→ Stored items from a collection:
=-=-=-=-=
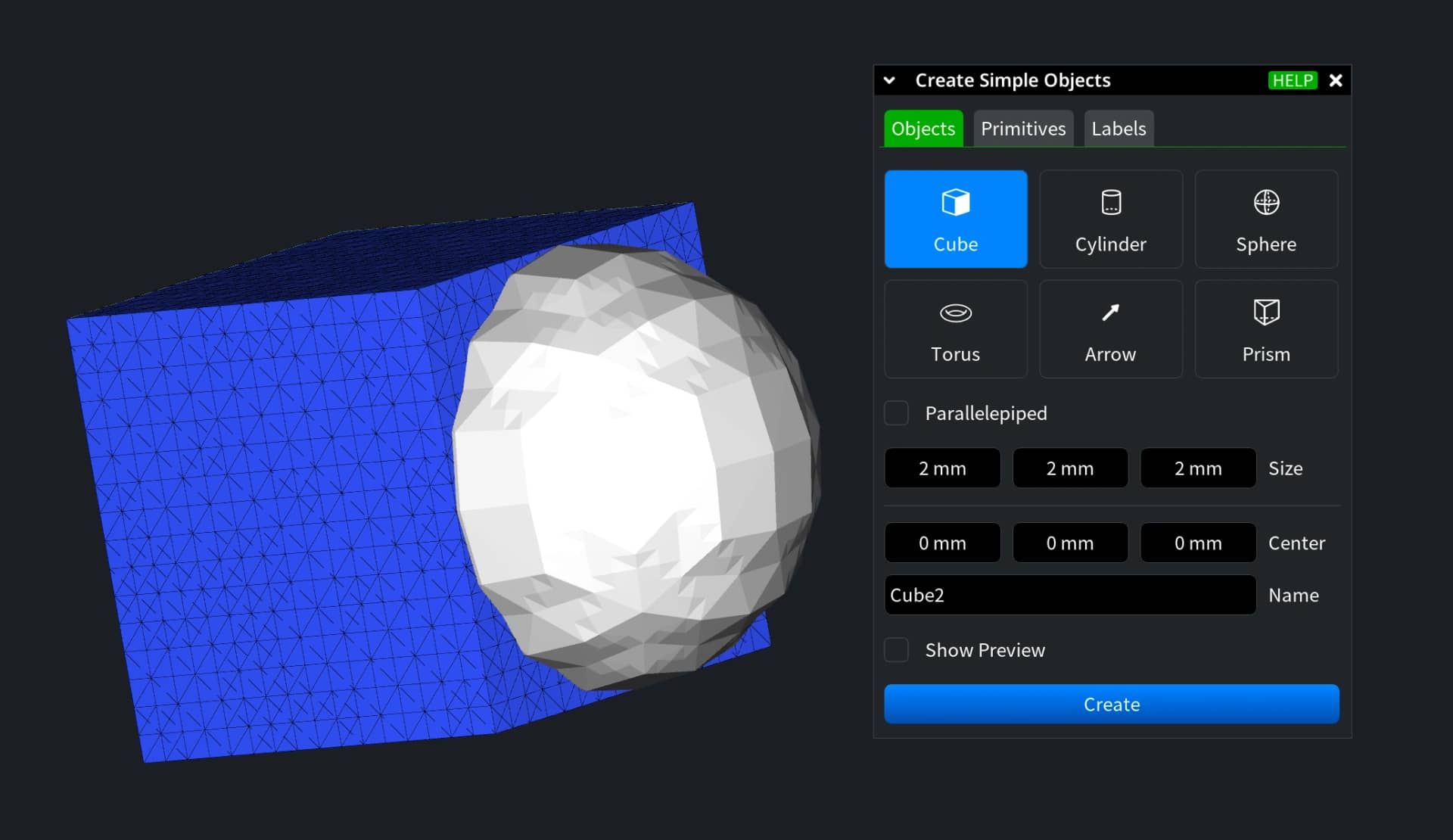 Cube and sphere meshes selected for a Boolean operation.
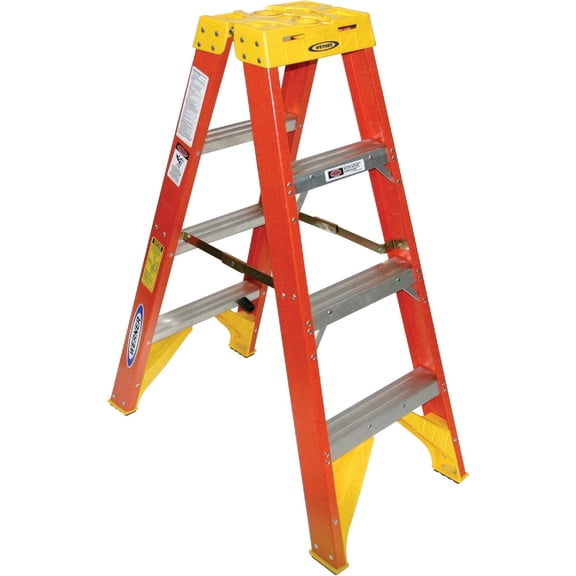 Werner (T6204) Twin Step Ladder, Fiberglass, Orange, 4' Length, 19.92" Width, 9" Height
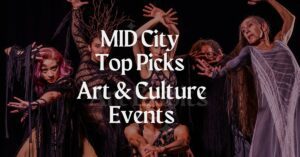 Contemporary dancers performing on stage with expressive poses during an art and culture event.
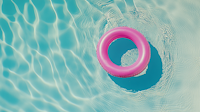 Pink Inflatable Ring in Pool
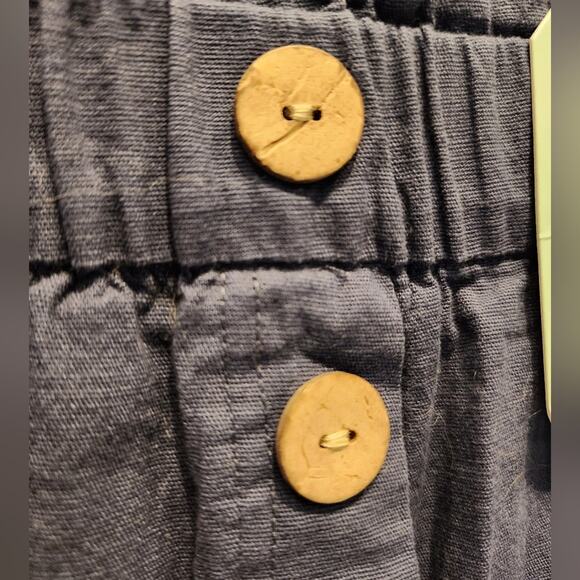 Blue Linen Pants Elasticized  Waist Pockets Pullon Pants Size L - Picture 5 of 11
=-=-=-=-=
→ Problem description: Omit every picture, then repeat the remaining data exactly as it appears above.

→ Task output:
 Cube and sphere meshes selected for a Boolean operation.
 Werner (T6204) Twin Step Ladder, Fiberglass, Orange, 4' Length, 19.92" Width, 9" Height
 Contemporary dancers performing on stage with expressive poses during an art and culture event.
 Pink Inflatable Ring in Pool
 Blue Linen Pants Elasticized  Waist Pockets Pullon Pants Size L - Picture 5 of 11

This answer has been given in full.